Web page caption snippets:
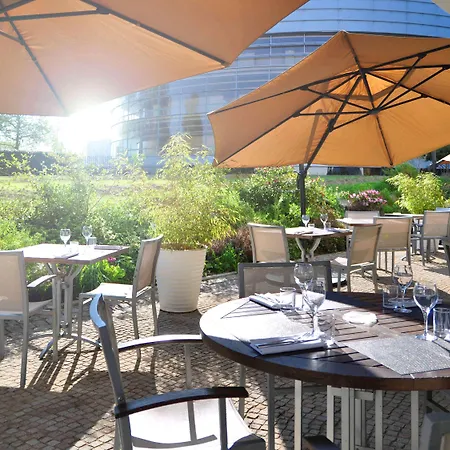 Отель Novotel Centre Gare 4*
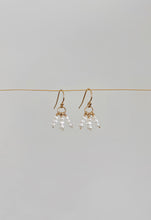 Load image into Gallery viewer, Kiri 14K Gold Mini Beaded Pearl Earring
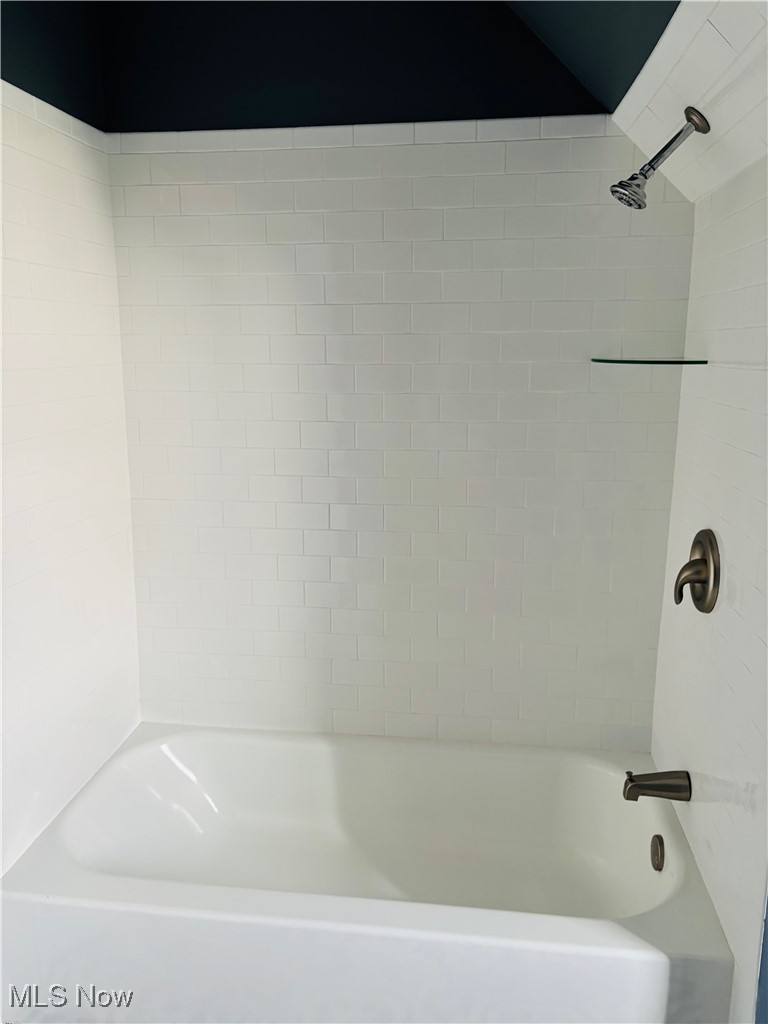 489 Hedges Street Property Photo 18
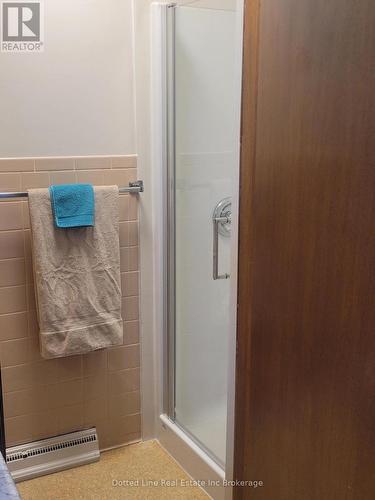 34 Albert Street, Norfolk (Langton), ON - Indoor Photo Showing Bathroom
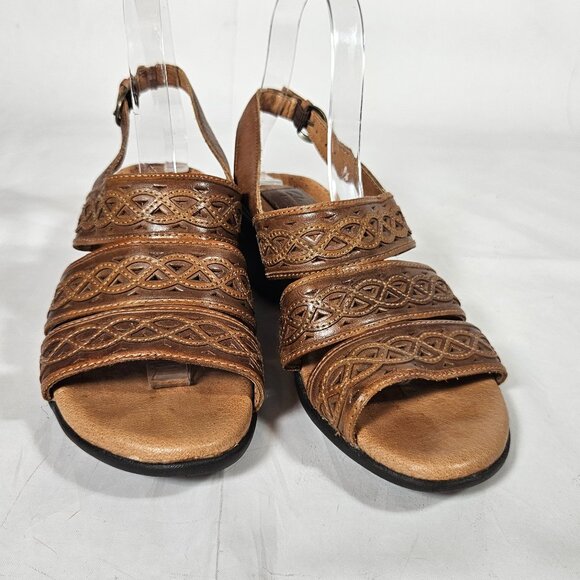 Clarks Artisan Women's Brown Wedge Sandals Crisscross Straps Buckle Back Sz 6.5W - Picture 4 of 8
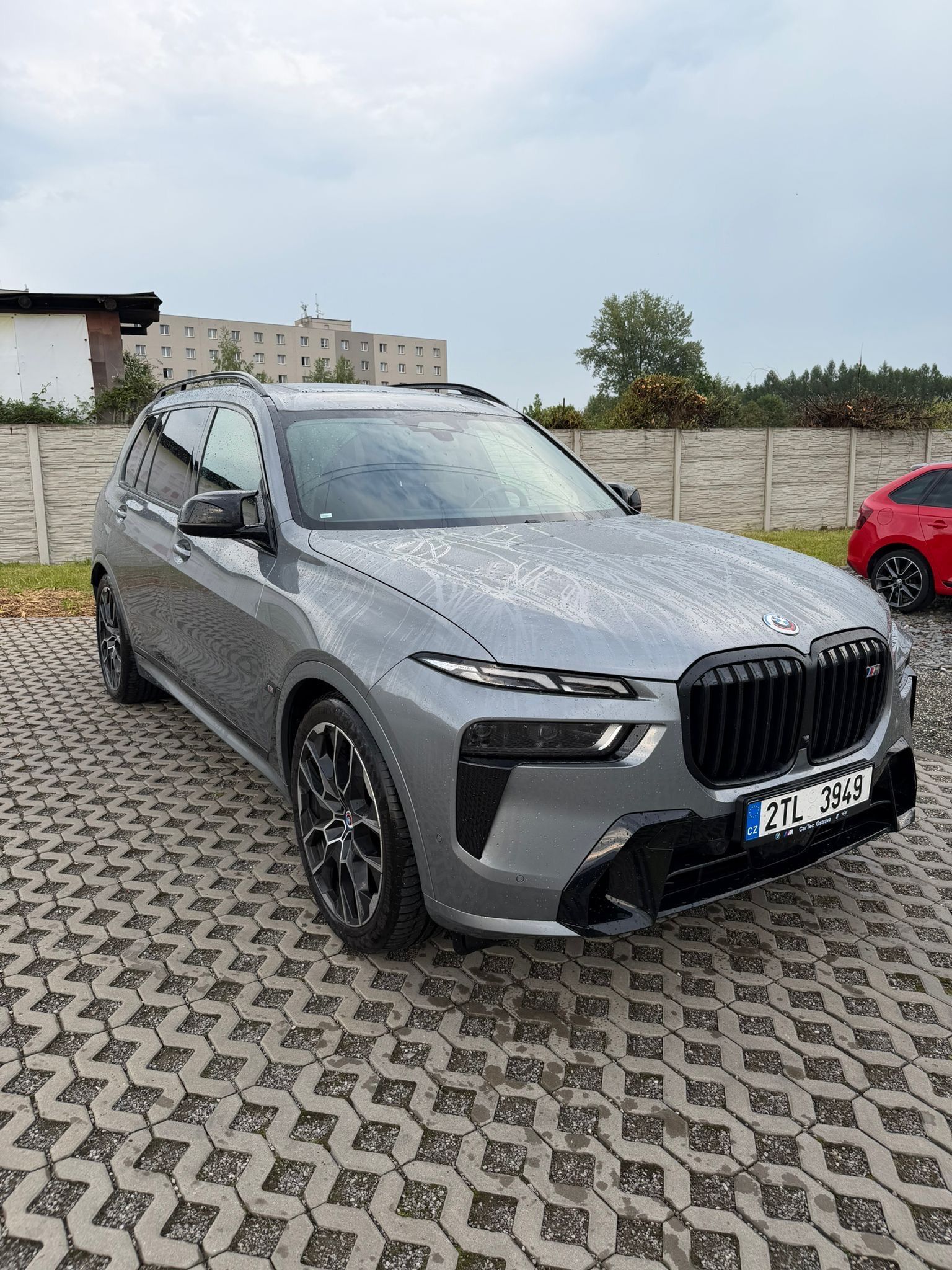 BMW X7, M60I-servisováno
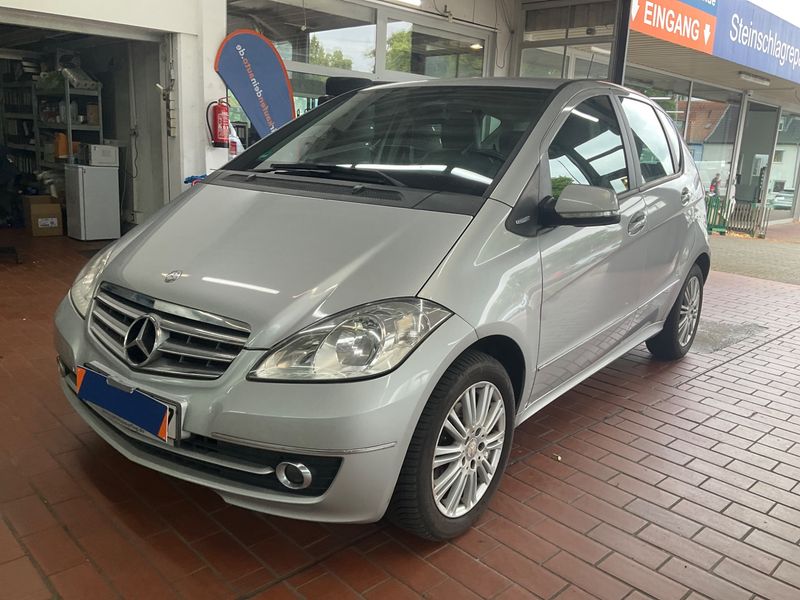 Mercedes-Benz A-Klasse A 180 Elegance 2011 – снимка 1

| Your objective |
An exact restatement of every record is required. Omit the images.

| Exercise response |
 Отель Novotel Centre Gare 4*
 Load image into Gallery viewer, Kiri 14K Gold Mini Beaded Pearl Earring
 489 Hedges Street Property Photo 18
 34 Albert Street, Norfolk (Langton), ON - Indoor Photo Showing Bathroom
 Clarks Artisan Women's Brown Wedge Sandals Crisscross Straps Buckle Back Sz 6.5W - Picture 4 of 8
 BMW X7, M60I-servisováno
 Mercedes-Benz A-Klasse A 180 Elegance 2011 – снимка 1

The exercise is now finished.